**TASK OBJECTIVE**.
Among the entries below, extract exactly the lines that run from the one with "Image no. 1" through the one with "Teen in viral", both ends included.
++++ INFORMATION SHOWN
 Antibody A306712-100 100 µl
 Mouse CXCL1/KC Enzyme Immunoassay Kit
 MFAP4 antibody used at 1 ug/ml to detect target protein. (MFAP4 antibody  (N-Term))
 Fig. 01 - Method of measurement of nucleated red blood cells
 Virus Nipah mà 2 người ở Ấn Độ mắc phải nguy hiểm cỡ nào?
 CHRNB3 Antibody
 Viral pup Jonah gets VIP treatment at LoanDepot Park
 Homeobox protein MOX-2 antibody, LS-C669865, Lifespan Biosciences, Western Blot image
++++++++
++++ INFORMATION SHOWN
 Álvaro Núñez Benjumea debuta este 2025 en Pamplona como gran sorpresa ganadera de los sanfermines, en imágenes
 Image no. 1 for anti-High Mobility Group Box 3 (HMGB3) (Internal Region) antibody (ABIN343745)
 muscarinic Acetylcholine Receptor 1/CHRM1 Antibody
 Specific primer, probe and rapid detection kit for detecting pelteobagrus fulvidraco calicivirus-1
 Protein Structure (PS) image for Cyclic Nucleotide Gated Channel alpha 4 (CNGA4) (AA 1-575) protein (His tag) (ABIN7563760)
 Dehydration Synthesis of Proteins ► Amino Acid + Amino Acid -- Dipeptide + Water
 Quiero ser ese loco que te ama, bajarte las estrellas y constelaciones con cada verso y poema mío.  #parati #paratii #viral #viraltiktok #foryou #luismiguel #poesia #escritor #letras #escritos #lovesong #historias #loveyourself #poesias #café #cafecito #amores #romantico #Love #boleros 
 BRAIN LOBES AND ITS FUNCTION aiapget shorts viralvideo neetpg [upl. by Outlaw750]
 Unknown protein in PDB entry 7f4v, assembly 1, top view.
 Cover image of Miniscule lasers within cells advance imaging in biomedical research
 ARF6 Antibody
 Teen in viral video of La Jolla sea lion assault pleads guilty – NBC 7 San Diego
++++++++
++++ INFORMATION SHOWN
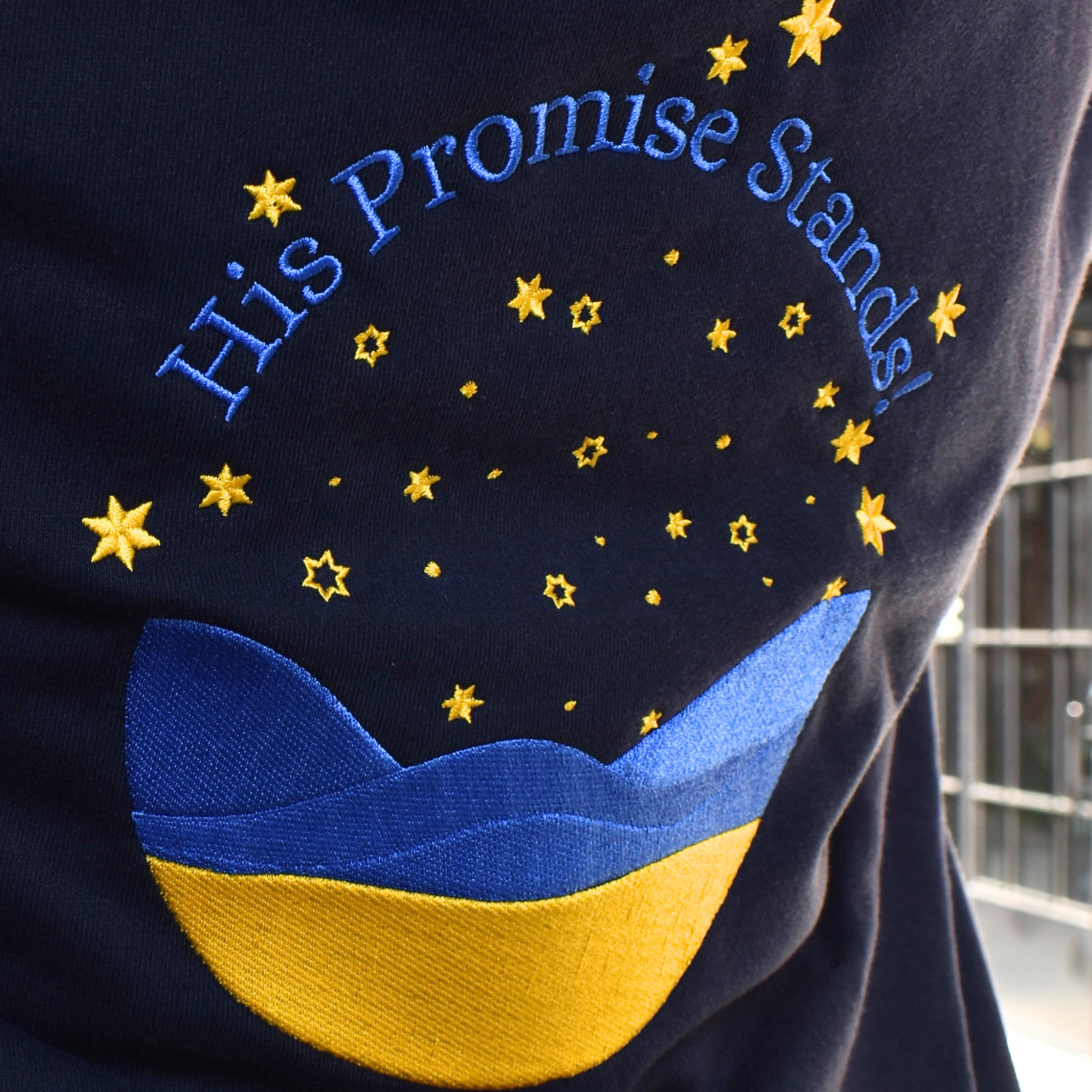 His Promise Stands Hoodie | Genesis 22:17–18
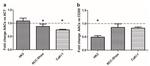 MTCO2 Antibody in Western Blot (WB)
++++++++
**ANSWER SECTION**.
 Image no. 1 for anti-High Mobility Group Box 3 (HMGB3) (Internal Region) antibody (ABIN343745)
 muscarinic Acetylcholine Receptor 1/CHRM1 Antibody
 Specific primer, probe and rapid detection kit for detecting pelteobagrus fulvidraco calicivirus-1
 Protein Structure (PS) image for Cyclic Nucleotide Gated Channel alpha 4 (CNGA4) (AA 1-575) protein (His tag) (ABIN7563760)
 Dehydration Synthesis of Proteins ► Amino Acid + Amino Acid -- Dipeptide + Water
 Quiero ser ese loco que te ama, bajarte las estrellas y constelaciones con cada verso y poema mío.  #parati #paratii #viral #viraltiktok #foryou #luismiguel #poesia #escritor #letras #escritos #lovesong #historias #loveyourself #poesias #café #cafecito #amores #romantico #Love #boleros 
 BRAIN LOBES AND ITS FUNCTION aiapget shorts viralvideo neetpg [upl. by Outlaw750]
 Unknown protein in PDB entry 7f4v, assembly 1, top view.
 Cover image of Miniscule lasers within cells advance imaging in biomedical research
 ARF6 Antibody
 Teen in viral video of La Jolla sea lion assault pleads guilty – NBC 7 San Diego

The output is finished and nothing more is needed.